# Need help from a real hillbilly survivalist.



## Magus (Dec 1, 2008)

I need the recipe for browning steel using walnut hulls please?


----------



## Magus (Dec 1, 2008)

bump.

I need this recipe,my foxfire book got lost.lol


----------



## Blackthorn-USA (Oct 7, 2011)

I can look in my Foxfire books for you. Do you remember what book number it was in?


----------



## Ezmerelda (Oct 17, 2010)

Well, I'm not a real hillbilly survivalist, but I play one on TV. :sssh:

I couldn't find anything about using walnuts for browning, but I did find a series of posts on a muzzle loading forum all about browning:

browning barrels - Topic


----------



## BrookeKilby (Oct 17, 2011)

I could not find a browning solution using walnut hulls either.
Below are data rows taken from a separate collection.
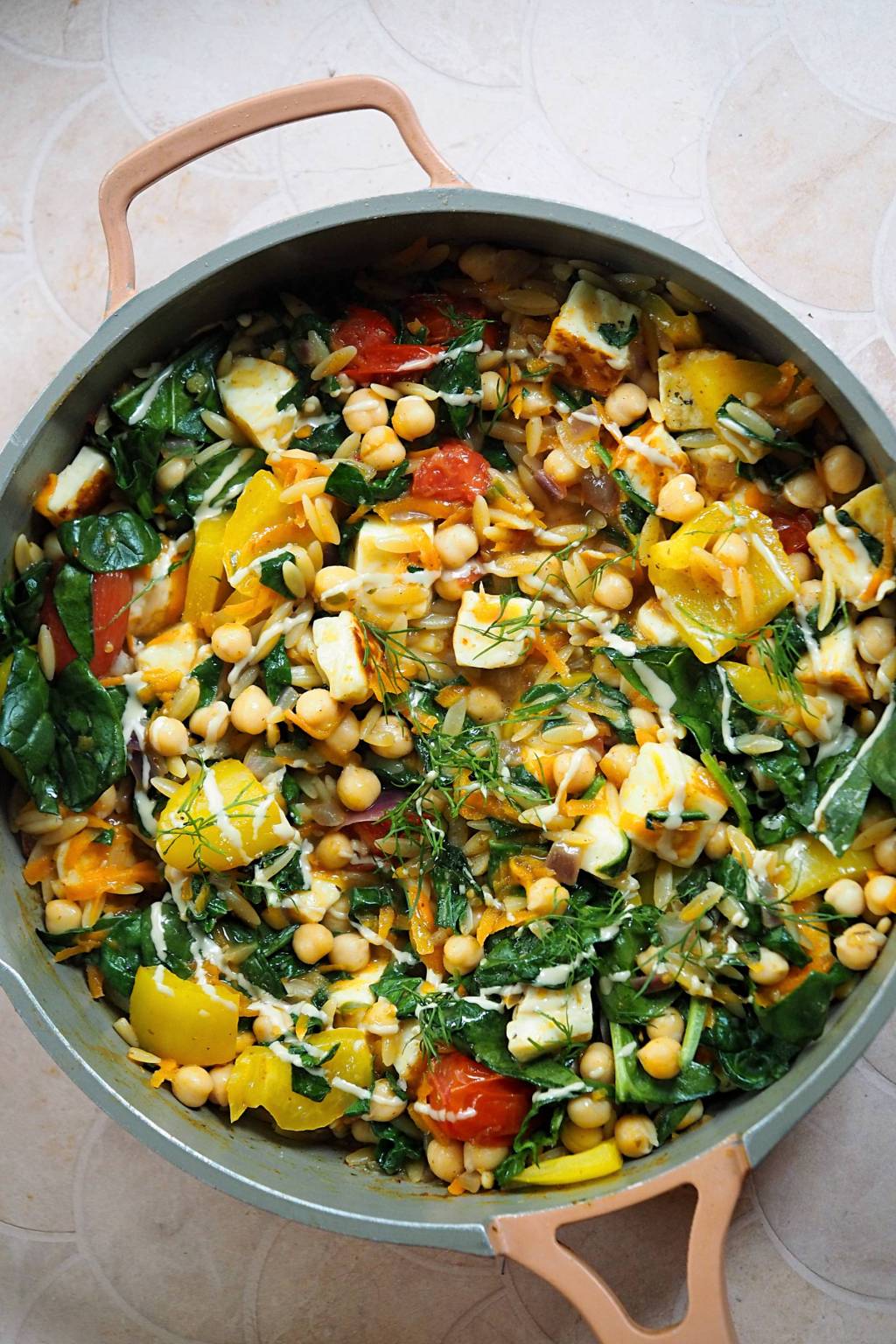 One-Pot Halloumi Chickpea&nbsp;Orzo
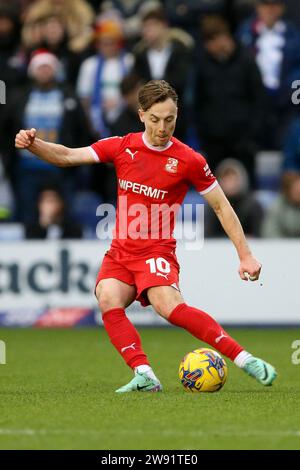 Birkenhead, Großbritannien. Dezember 2023. Dan Kemp aus Swindon Town in Aktion. EFL Skybet Football League Two Match, Tranmere Rovers gegen Swindon Town im Prenton Park, Birkenhead, Wirral am Samstag, 23. Dezember 2023. Dieses Bild darf nur für redaktionelle Zwecke verwendet werden. Nur redaktionelle Verwendung, .PIC von Chris Stading/ Credit: Andrew Orchard Sportfotografie/Alamy Live News Stockfoto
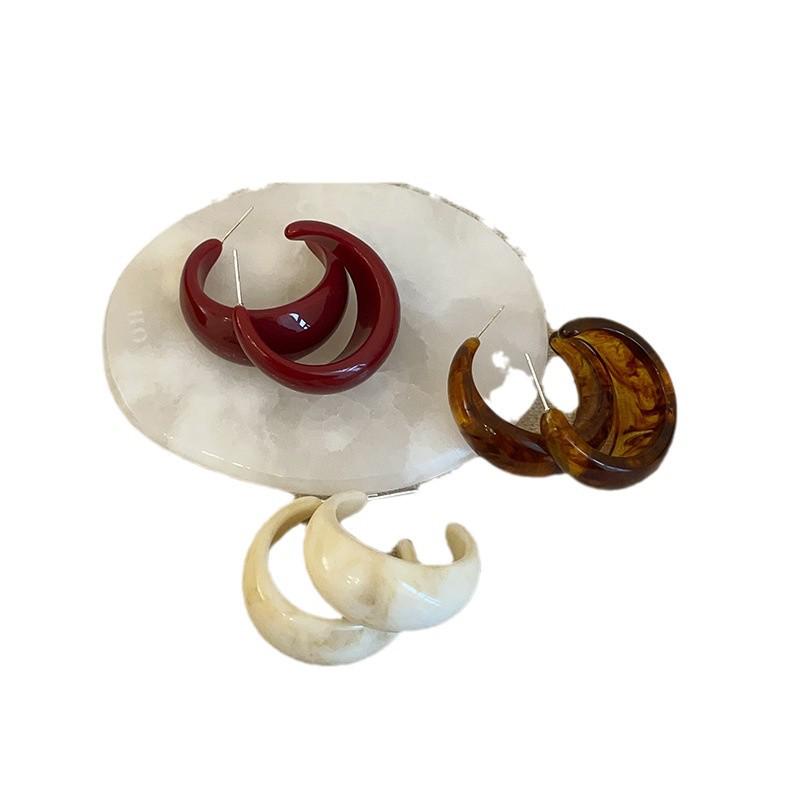 Elegante C-förmige Harz-Creolen für Damen - Koreanische Mode, vielseitig und stilvoll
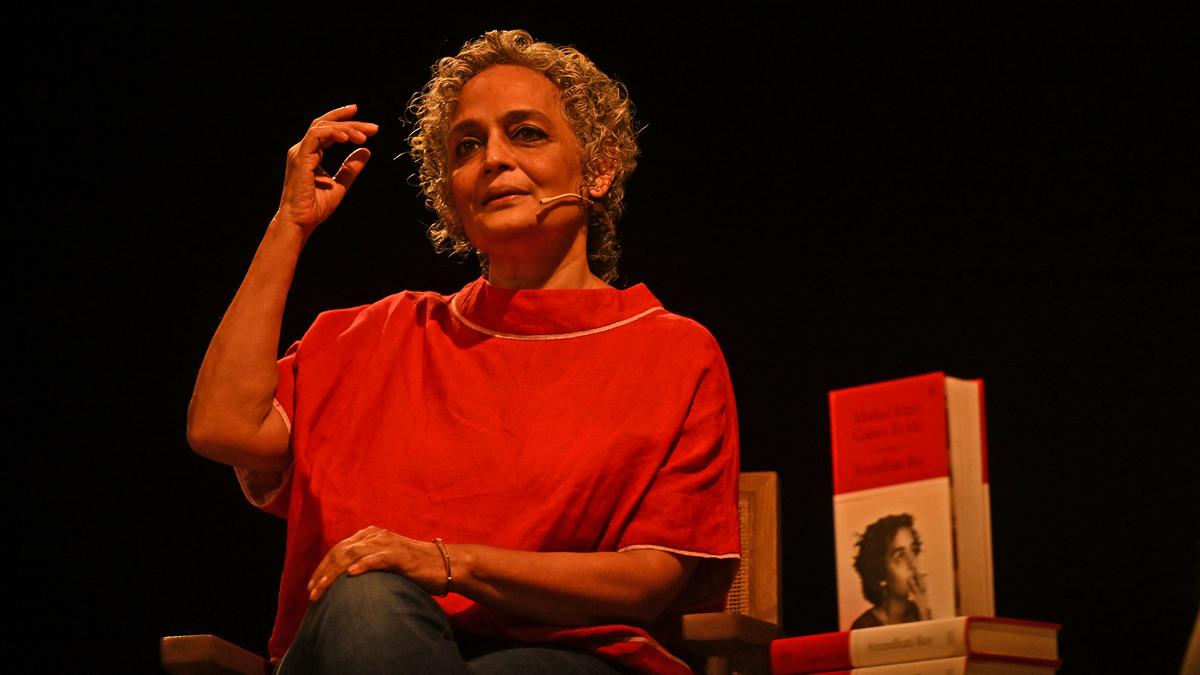 https://th-i.thgim.com/public/incoming/etkexd/article70065702.ece/alternates/LANDSCAPE_1200/10018_2_9_2025_22_12_59_2_ARUNDHATI_ROY_06.JPG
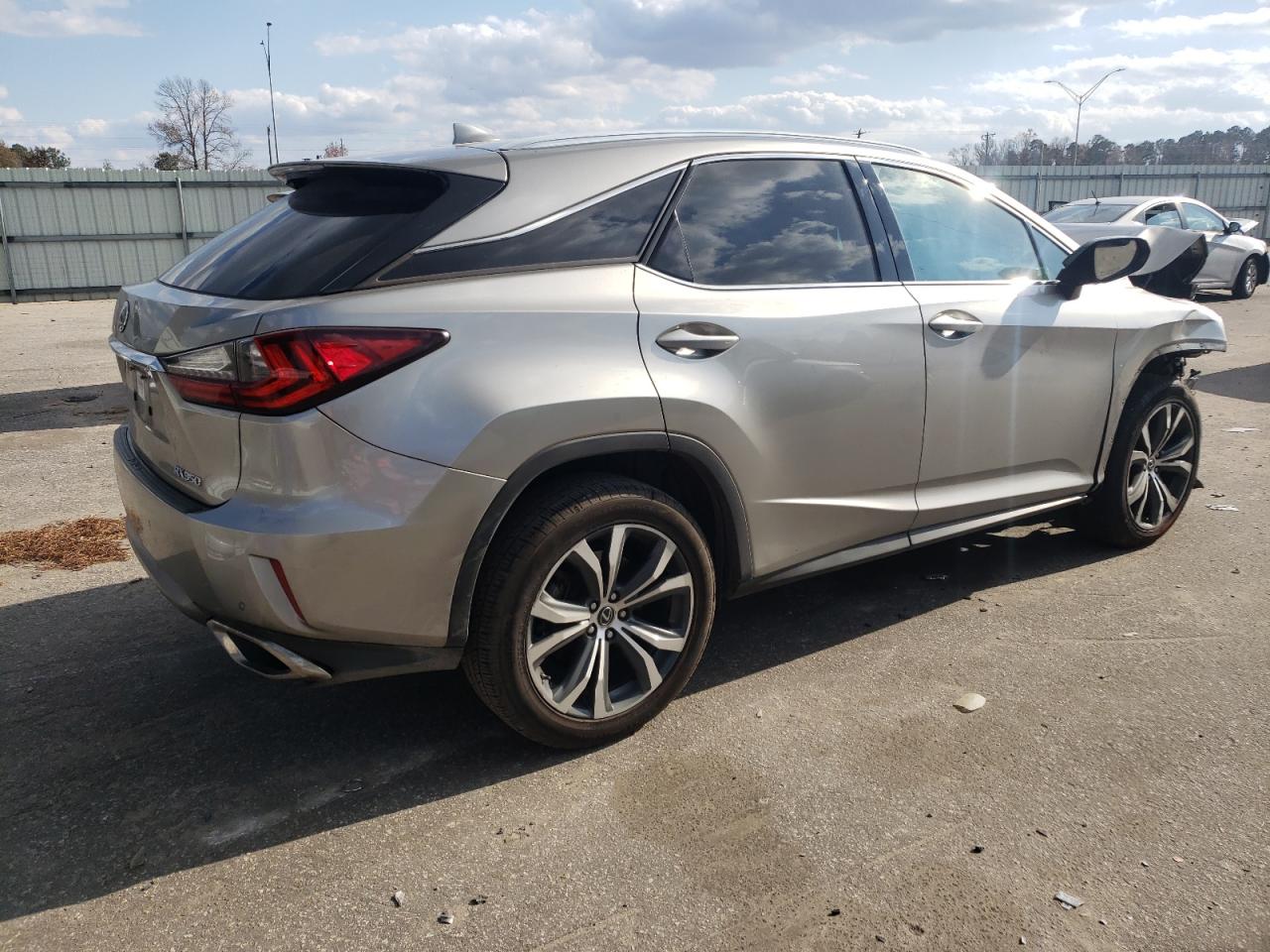 2019 Lexus RX - Image 3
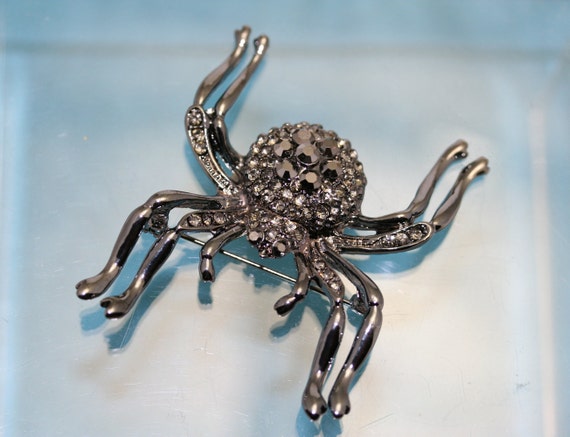 Vintage spider brooch best sale pin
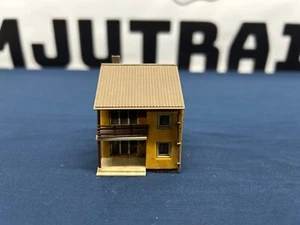 Herpa N Scale Two Story Cottage House Building Yellow (T) - Picture 1 of 6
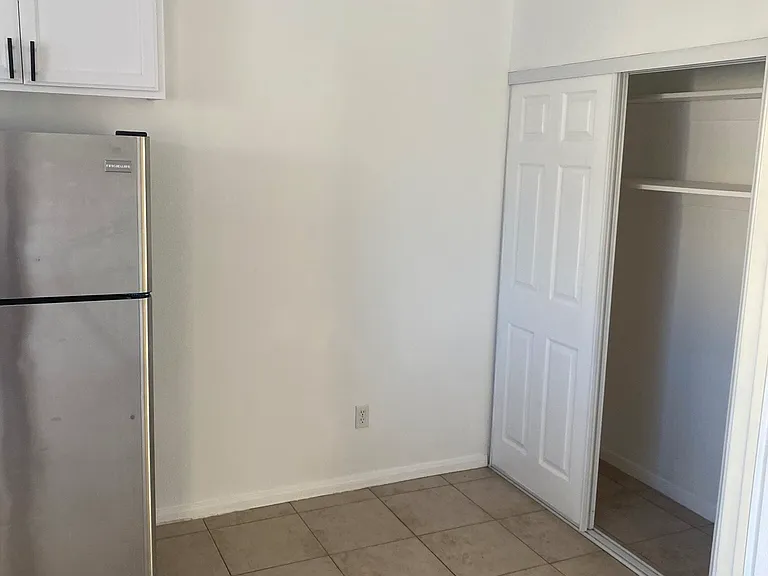 159 W Park Ave — Photo 6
You can find most of the firefox books at larger public libraries and if they do not have them you can usually have them sent to your library from other ones and they will get the mfor you and call you when they are in.

I did find this page that has browing solutions on it. It shows one of the original browing formulas:

The formula for the solution used for the Brown Bess musket (taken from General Regulations and Orders for the Army, 1811) is as follows:
•Nitric acid - 1/2 ounce
•Sweet spirits of wine - 1/2 ounce
•Spirits of wine - 1 ounce
•Blue vitriol (a.k.a. copper sulphate) - 2 ounces
•Tincture of Steel - 1 ounce

You can see more at the website here: Firearms History, Technology & Development: Metal Treatments: Browning and Bluing


----------



## grandpadave (Sep 29, 2011)

Magus said:


> I need the recipe for browning steel using walnut hulls please?


Its not really the hulls but the outer casing you want... that fruit where the nut lives inside of ... you mash that up boil it then dip your steel and let it soak for a good long time (Over Night) doesn't last... and despite what people say... doest really stop rust either... but that's how the old folks did it.. BTW your fingers will get stained in the process too... just so ya know


----------



## Magus (Dec 1, 2008)

That was it!

Its supposed to de scent iron traps too.

I was thinking you mixed lye in it for browning but who knows?
I'm wanting to finish a couple of axes and hawks in original style,cold blue looks tacky.


----------



## Kessler (Sep 27, 2011)

grandpadave said:


> Its not really the hulls but the outer casing you want... that fruit where the nut lives inside of ... you mash that up boil it then dip your steel and let it soak for a good long time (Over Night) doesn't last... and despite what people say... doest really stop rust either... but that's how the old folks did it.. BTW your fingers will get stained in the process too... just so ya know


Gunny, I used to use that process on steel traps, but that was years ago. It worked well for me as I remember.


----------